Nottingham Forest 1 - 3 Blackburn Rovers

I try not to use too many clichés when writing these reviews, but this really was the stereotypical game of two halves. From 1-0 up and comfortable to 3-1 down and soundly beaten in 45 minutes, the second half was painful to watch. Frustratingly, yet again Forest weren't undone by any wonderful football. Some sustained pressure led to an equalising goal then everything went to pot. 

After the defeat at Cardiff City, the battling draw against Watford offered some promising signs. The return to the City Ground saw the return of two up front, with Matt Fryatt replacing Ben Osborn. Despite being available following his suspension ending, Henri Lansbury could only claim a place on the bench, as did Eric Lichaj, who was replaced at left-back by Dan Harding. The visitors went with just Jordan Rhodes in attack. Well, they obviously had ten other players too but, you know what I mean. 

The game started with the obligatory dodgy Championship refereeing decisions, as Forest were called offside a couple of times and Ryan Tunnicliffe cleaned out Dan Harding without censure.
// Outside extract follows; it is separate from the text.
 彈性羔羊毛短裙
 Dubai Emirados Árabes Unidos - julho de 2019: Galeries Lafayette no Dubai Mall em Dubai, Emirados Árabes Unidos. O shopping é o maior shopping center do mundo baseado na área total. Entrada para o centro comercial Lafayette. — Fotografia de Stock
For the most part, the first half was a scrappy affair, with blocked shots and misplaced passes. Jack Hunt's excellent run was finished with a poor cross straight into Rovers' keeper Jason Steele's hands. Then, following a fast break, Michail Antonio's cross went right behind Britt Assombalonga.

Not long afterwards the breakthrough came. The lively Assombalonga ran and hit a lovely curling shot with the outside of his right foot. It beat Steele and rebounded off the post, hit Fryatt on the knee and flew in. Proper striker's goal. The lead could've been doubled before the interval as Assombalonga went close a couple more times following good runs and shots. There was to be no further scoring though and the teams left the field with Forest ahead and no hint of what was to come. 

The second half saw an early interruption in play as Markus Olsson indulged in a comedy pratfall while chasing a through ball and required a few minutes' treatment. Rovers started to dominate possession and, perhaps in respose, Stuart Pearce replaced Fryatt with Henri Lansbury. This change failed to stem the tide though and, after the Reds failed to clear a corner, the ball fell to Alex Baptiste who lashed home the leveller. 

Lansbury then went close twice, first seeing his shot blocked by the feet of Steele, then seeing a curling effort cannon back off an upright. The game still seemed there for the taking until David Vaughan - who had hitherto been impressive - gave away the ball. Rovers broke down the right and a pinpoint centre found the noggin of substitute Rudy Gestede who firmly headed the visitors into the lead. Less than two minutes later things got worse. A long punt upfield got the usually exemplary Michael Mancienne into bother and he misjudged the bounce. Jordan Rhodes didn't though and he picked it up, cut wide and steered it into the corner for 3-1. And that was that. 

Well, pretty much. Jamie Paterson's introduction as sub didn't really help as he got into good positions but failed to pick out red shirts, which was pretty much the story of the match. Forest got into lots of threatening situations but the final ball was mostly lacking. In contrast, Blackburn's crossing caused problems that Forest ultimately couldn't answer. Chris Burke's wild slash wide when well placed was a fitting end to proceedings. 

I'm not sure how to sum this match up, just as I'm not sure where it went wrong. We certainly didn't make the best of good situations and probably sat too deep when ahead. We seemed to lack a bit of urgency until Rovers drew level and, as a result, the momentum swung so far that we couldn't wrest it back. 

Ending on a positive note, as I always try to, David Vaughan produced a polished performance and despite this lamentable run of form we're still only four points off the top and it's not November yet. A loan signing or two would boost the numbers and perhaps the morale and hopefully there'll be some movement on that front before the next match. All things, good or bad, have to come to an end. This run will be no exception.